可以在option中配置JDBC的查询并行度和下推:

# 为具有 8 个核心的群集配置并行度, 设置并行度太大可能会使数据源服务不堪重负
employees_table = (spark.read
  .format("jdbc")
  .option("url", "<jdbc-url>")
  .option("dbtable", "<table-name>")
  .option("user", "<username>")
  .option("password", "<password>")
  .option("numPartitions", 8)
  .load()
)
# 将整个查询向下推送到数据库，且只返回结果
pushdown_query = "(select * from employees where emp_no < 10008) as emp_alias"
employees_table = (spark.read
  .format("jdbc")
  .option("url", "<jdbc-url>")
  .option("dbtable", pushdown_query)
  .option("user", "<username>")
  .option("password", "<password>")
  .load()
)
# 通过fetchSize参数控制一次从远程数据库中提取的行数
employees_table = (spark.read
  .format("jdbc")
  .option("url", "<jdbc-url>")
  .option("dbtable", "<table-name>")
  .option("user", "<username>")
  .option("password", "<password>")
  .option("fetchSize", "100")
  .load()
)

使用 JDBC 写入数据

下面示例通过 JDBC 将数据保存到表:

# 创建新表并写入数据，如果同名的表已存在会引发错误
(employees_table.write
  .format("jdbc")
  .option("url", "<jdbc-url>")
  .option("dbtable", "<new-table-name>")
  .option("user", "<username>")
  .option("password", "<password>")
  .save()
)
# 将数据追加到现有的表
(employees_table.write
  .format("jdbc")
  .option("url", "<jdbc-url>")
  .option("dbtable", "<new-table-name>")
  .option("user", "<username>")
  .option("password", "<password>")
  .mode("append")
  .save()
)
# 覆盖已有的数据表
(employees_table.write
  .format("jdbc")
  .option("url", "<jdbc-url>")
  .option("dbtable", "<new-table-name>")
  .option("user", "<username>")
  .option("password", "<password>")
  .mode("overwrite")
  .save()
)

使用 JDBC 写入数据库时，Apache Spark 使用内存中的分区数来控制并行度。可以在进行写入之前重新分区数据以控制并行度。

(employees_table.repartition(8)
  .write
  .format("jdbc")
  .option("url", "<jdbc-url>")
  .option("dbtable", "<new-table-name>")
  .option("user", "<username>")
  .option("password", "<password>")
  .save()
)

查询 PostgreSQL

下面示例使用 PostgreSQL 的 JDBC 驱动程序对其进行查询。

driver = "org.postgresql.Driver"

database_host = "<database-host-url>"
database_port = "5432" # update if you use a non-default port
database_name = "<database-name>"
table = "<table-name>"
user = "<username>"
password = "<password>"

url = f"jdbc:postgresql://{database_host}:{database_port}/{database_name}"

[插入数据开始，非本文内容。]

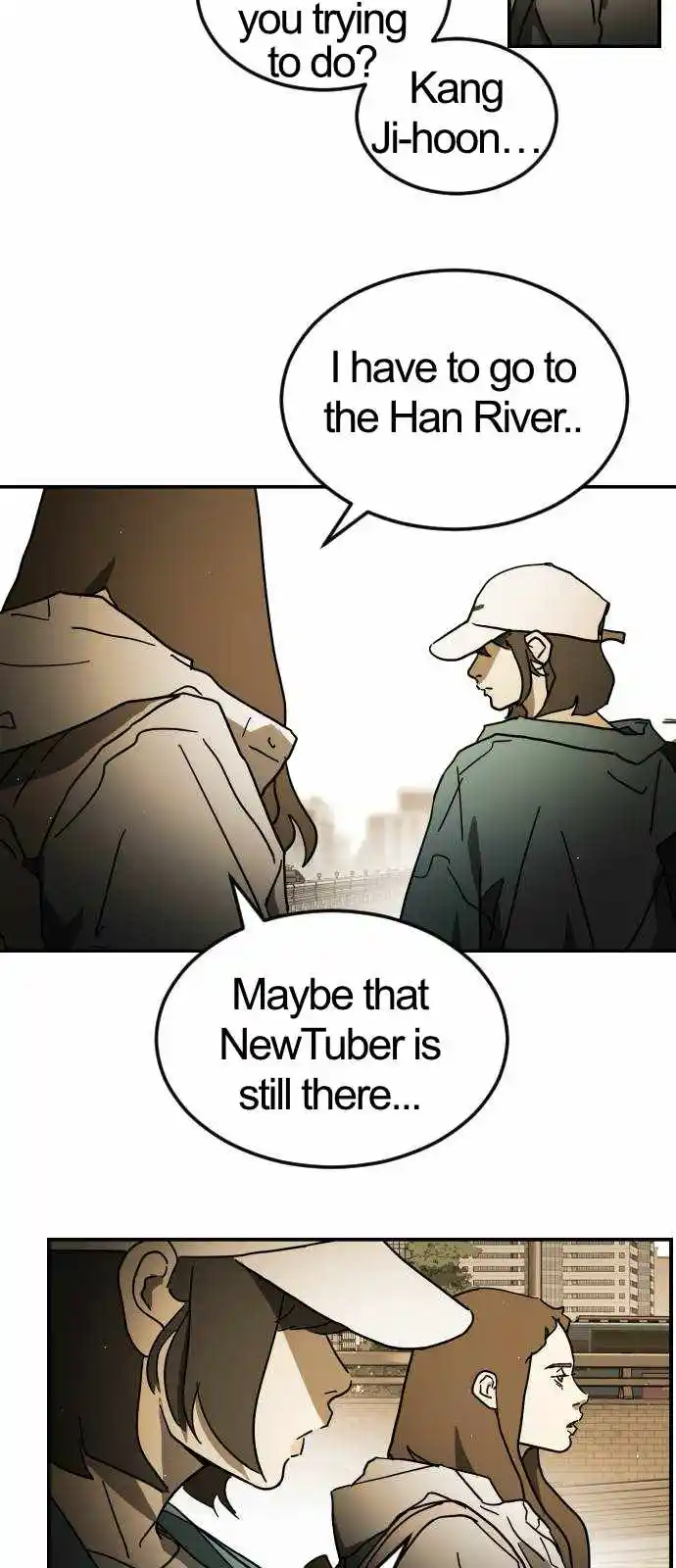 One Day, Suddenly, Seoul Is Chapter 99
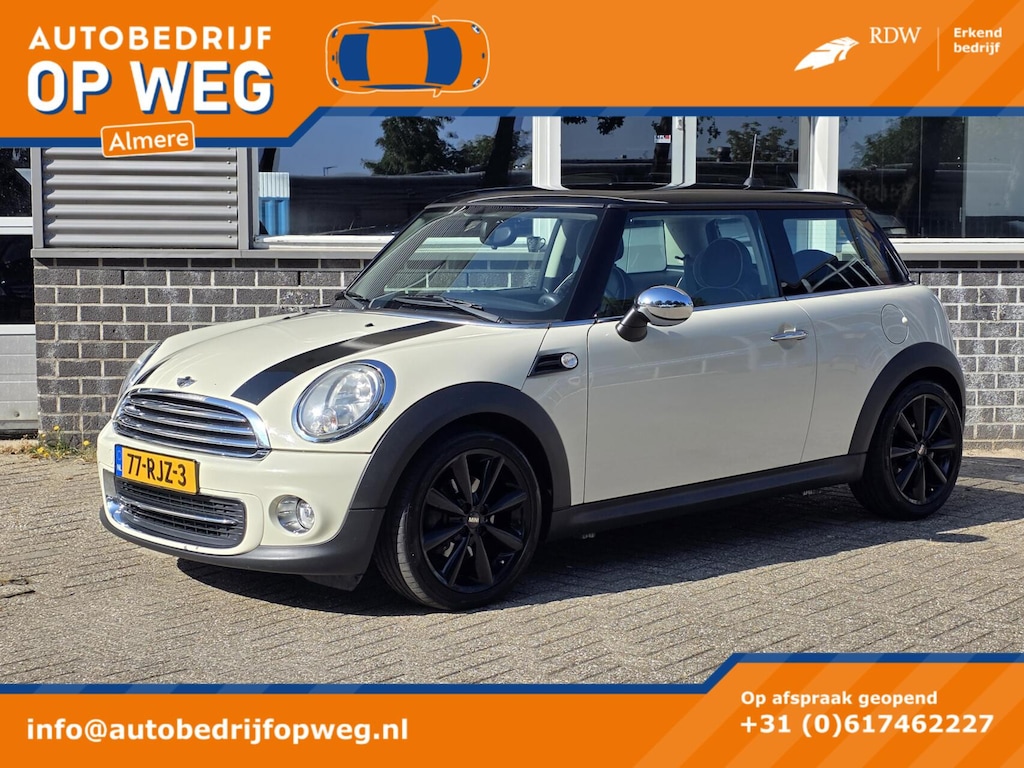 MINI Cooper 3-Deurs 1.6 Chili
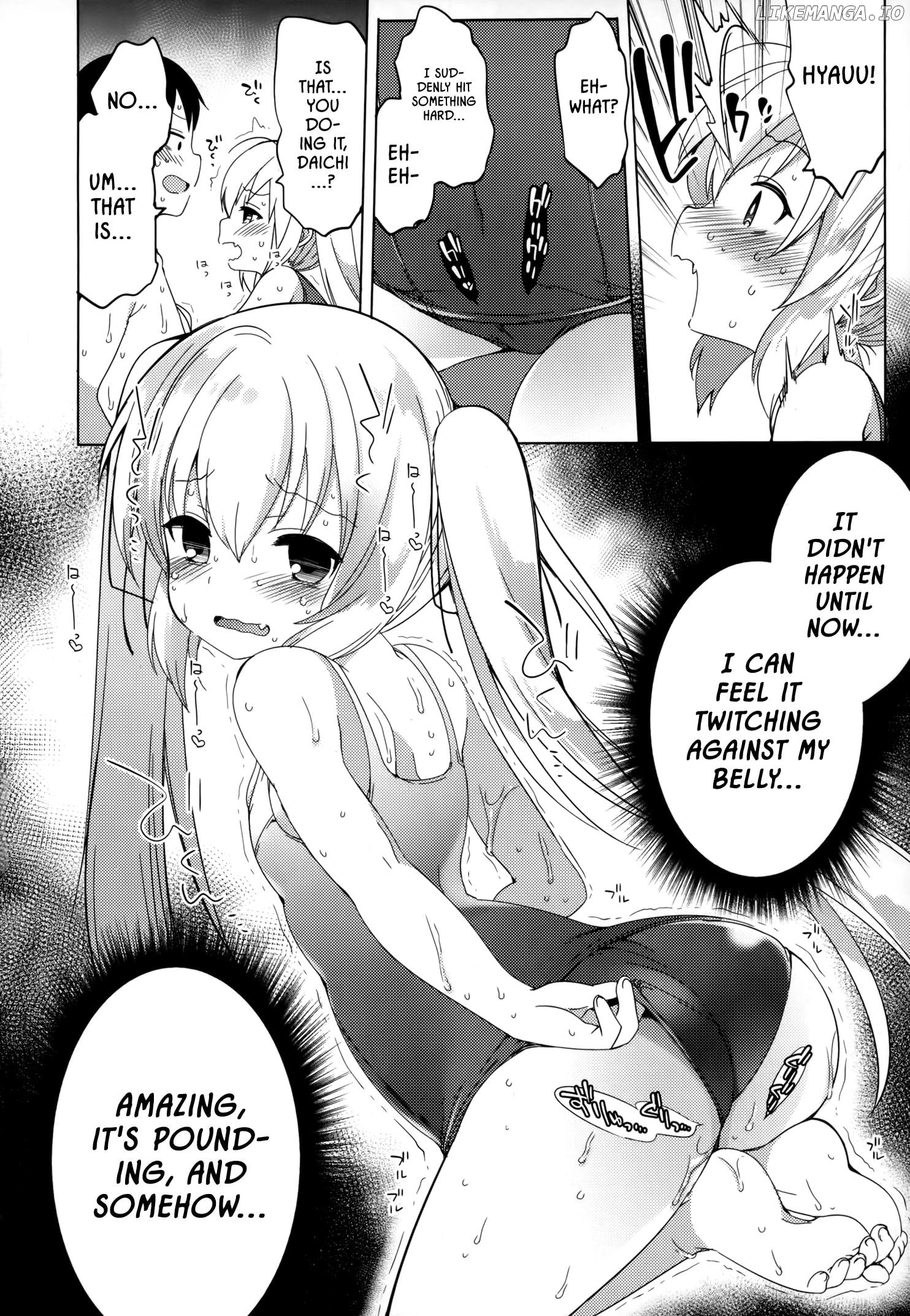 Joshi Shogakusei no Oujo-sama Chapter 2 - page 24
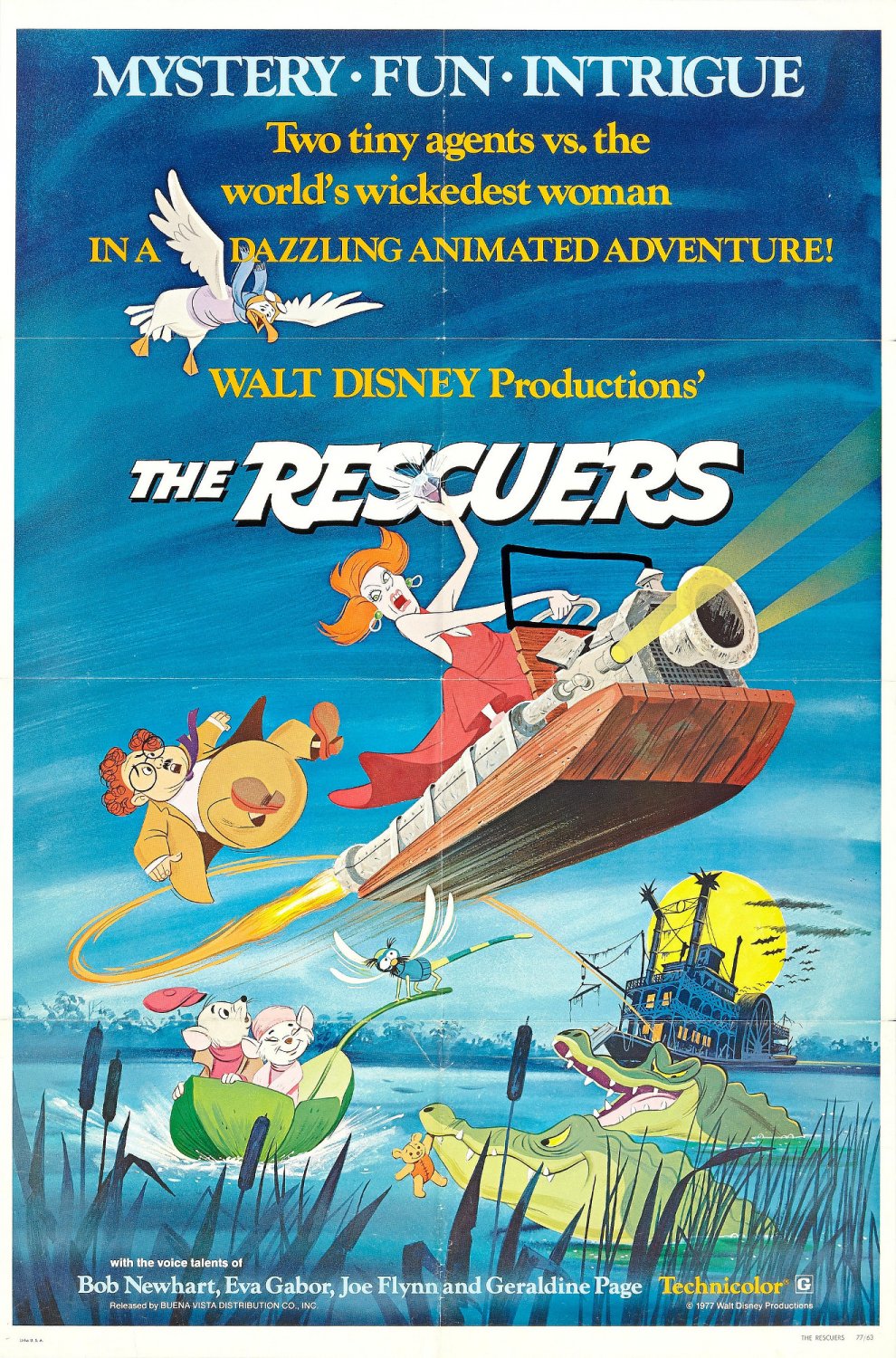 Rescuers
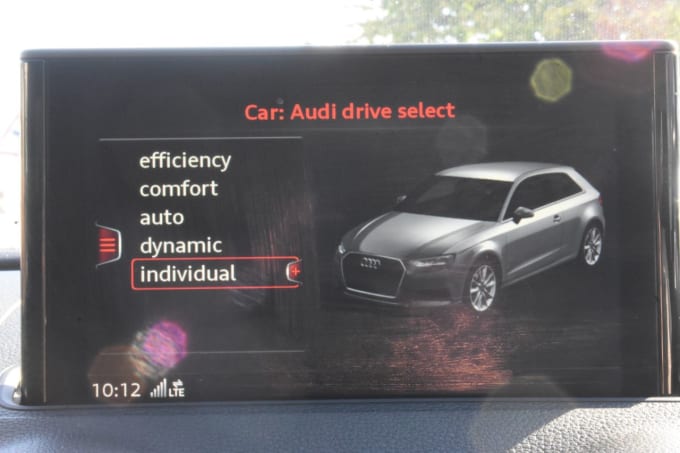 2016 Audi S3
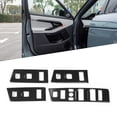 thumbnail image 1 of Decoración de panel de interruptores de ventana ANGGREK 4 Uds Estilo de fibra de carbono compatible con Range Rover Evoque L551 2020, 1 of 8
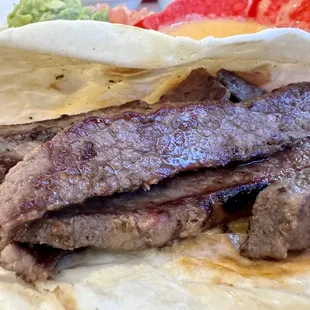 Beef Fajita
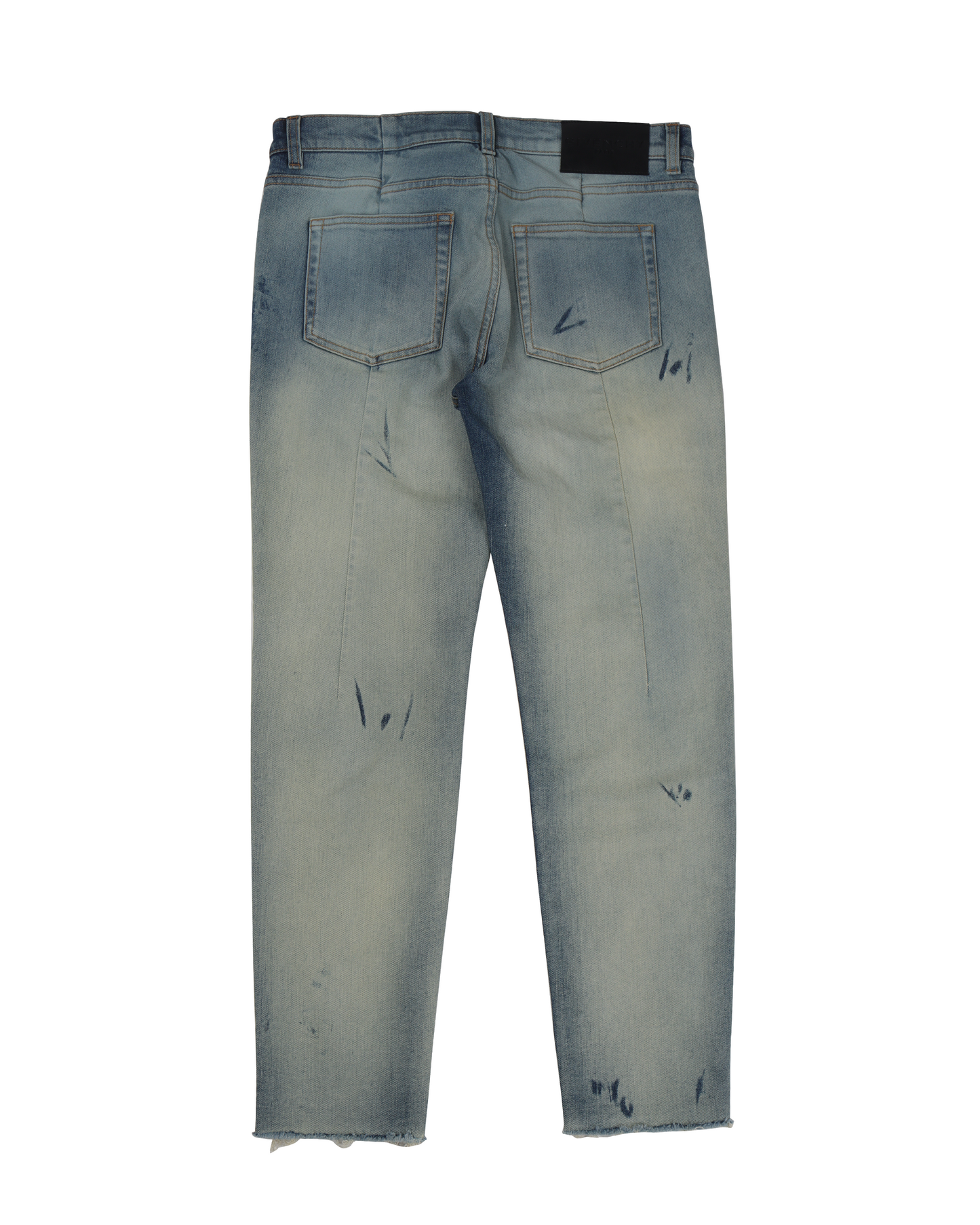 Washed Denim
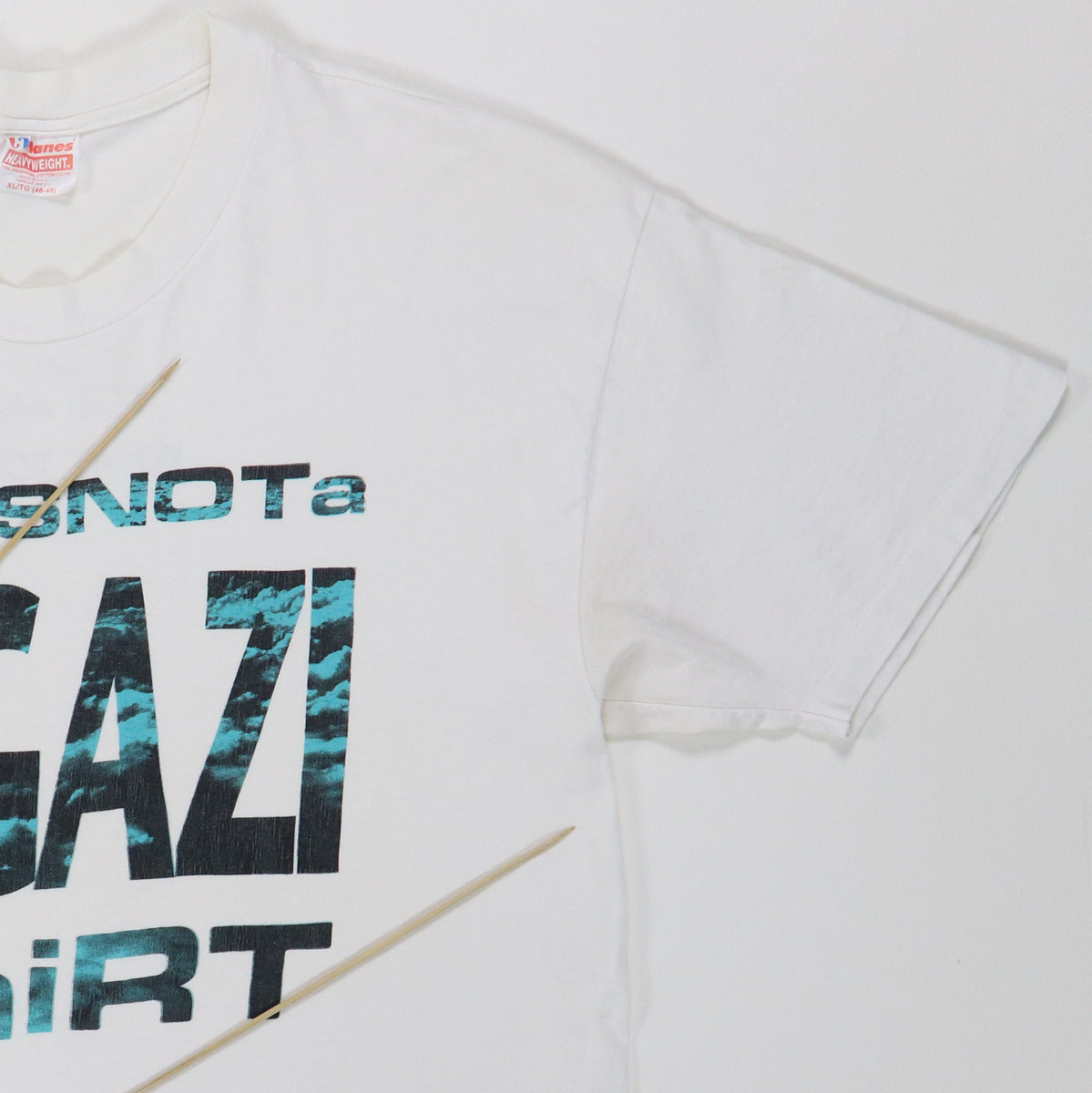 1990s Fugazi You Are Not What You Own Shirt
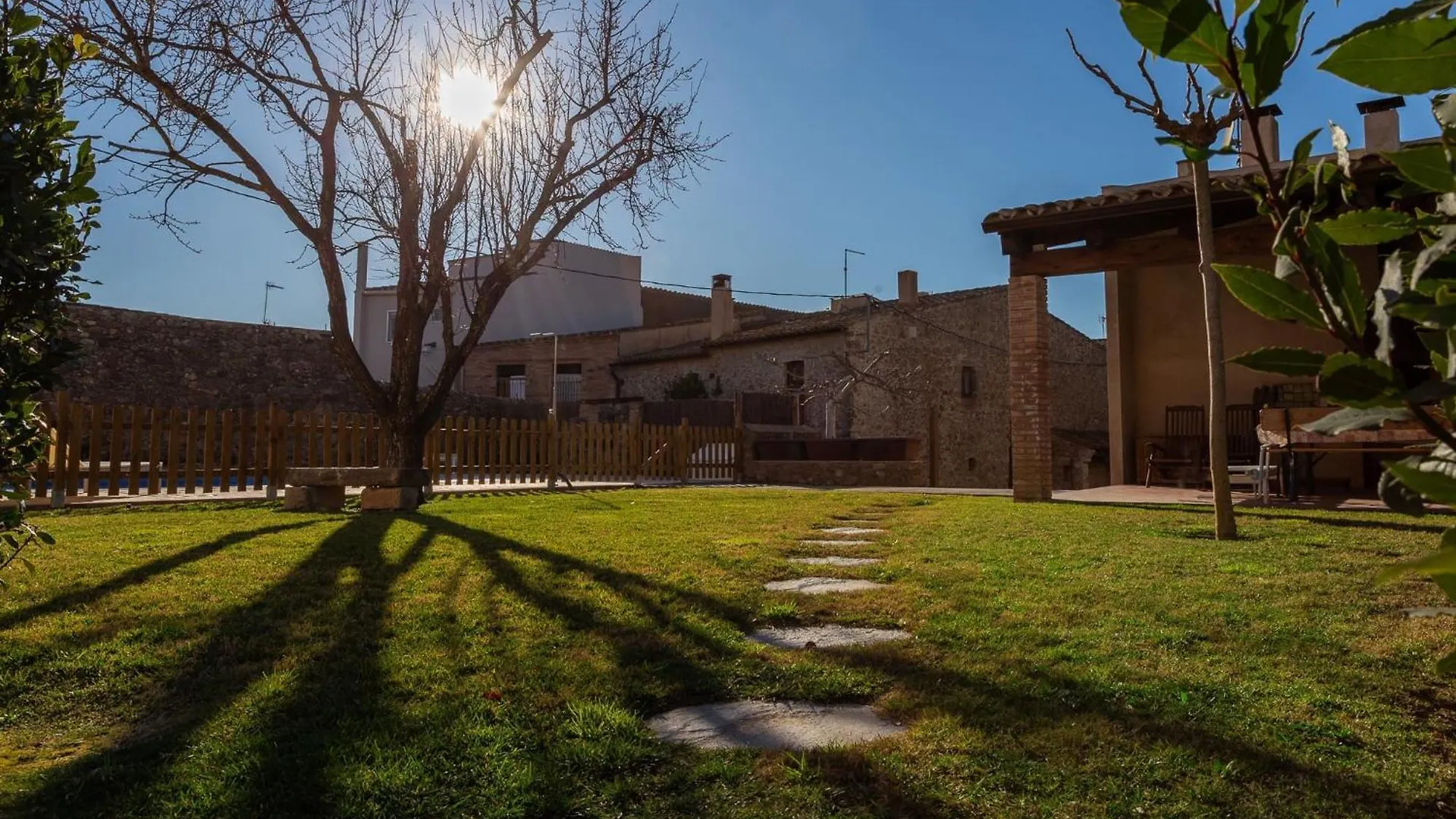 Casa Rural 9 Km De L'Escala La Tallada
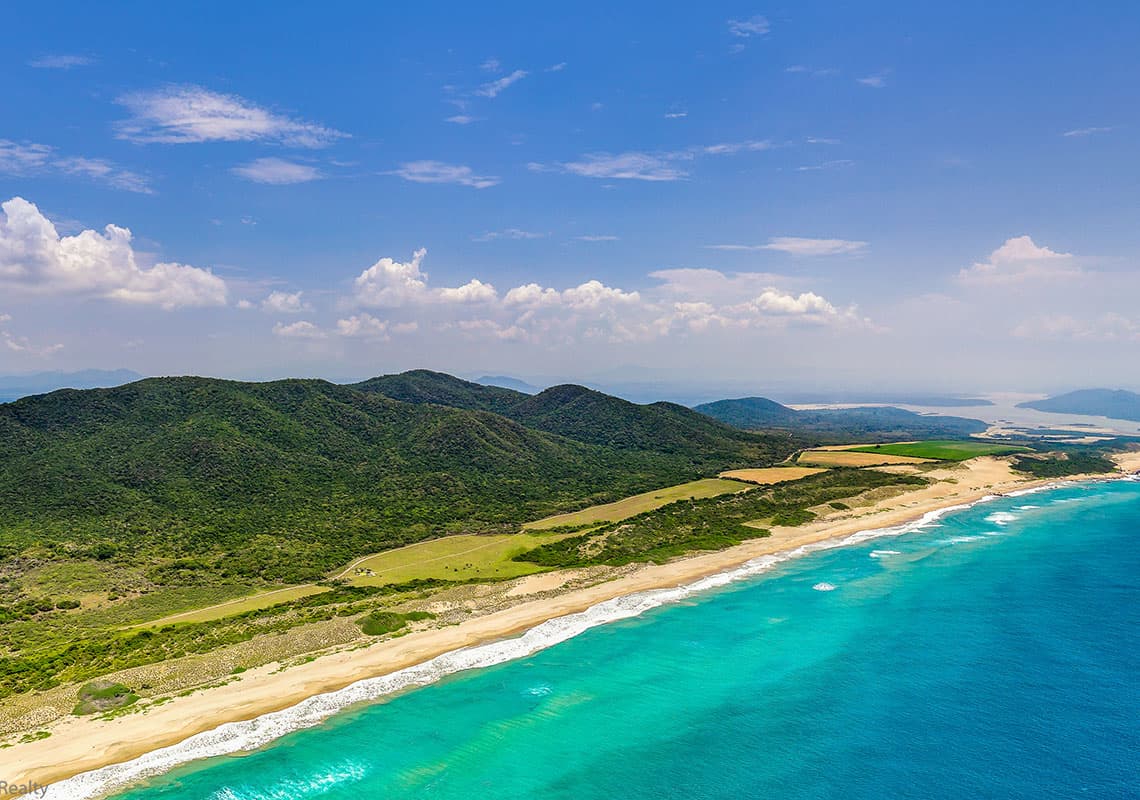 Punta Paraman — Costa Alegre, Jalisco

remote_table = (spark.read
  .format("jdbc")
  .option("driver", driver)
  .option("url", url)
  .option("dbtable", table)
  .option("user", user)
  .option("password", password)
  .load()
)

查询 MySQL

下面示例使用 MySQL 的 JDBC 驱动程序对其进行查询。

driver = "com.mysql.cj.jdbc.Driver"

database_host = "<database-host-url>"
database_port = "3306" # update if you use a non-default port
database_name = "<database-name>"
table = "<table-name>"
user = "<username>"
password = "<password>"

url = f"jdbc:mysql://{database_host}:{database_port}/{database_name}"

remote_table = (spark.read
  .format("jdbc")
  .option("driver", driver)
  .option("url", url)
  .option("dbtable", table)
  .option("user", user)
  .option("password", password)
  .load()
)

查询 SQL Server

下面示例使用 SQL Server 的 JDBC 驱动程序对其进行查询。

driver = "com.microsoft.sqlserver.jdbc.SQLServerDriver"

database_host = "<database-host-url>"
database_port = "1433" # update if you use a non-default port
database_name = "<database-name>"
table = "<table-name>"
user = "<username>"
password = "<password>"

url = f"jdbc:sqlserver://{database_host}:{database_port};database={database_name}"

remote_table = (spark.read
  .format("jdbc")
  .option("driver", driver)
  .option("url", url)
  .option("dbtable", table)
  .option("user", user)
  .option("password", password)
  .load()
)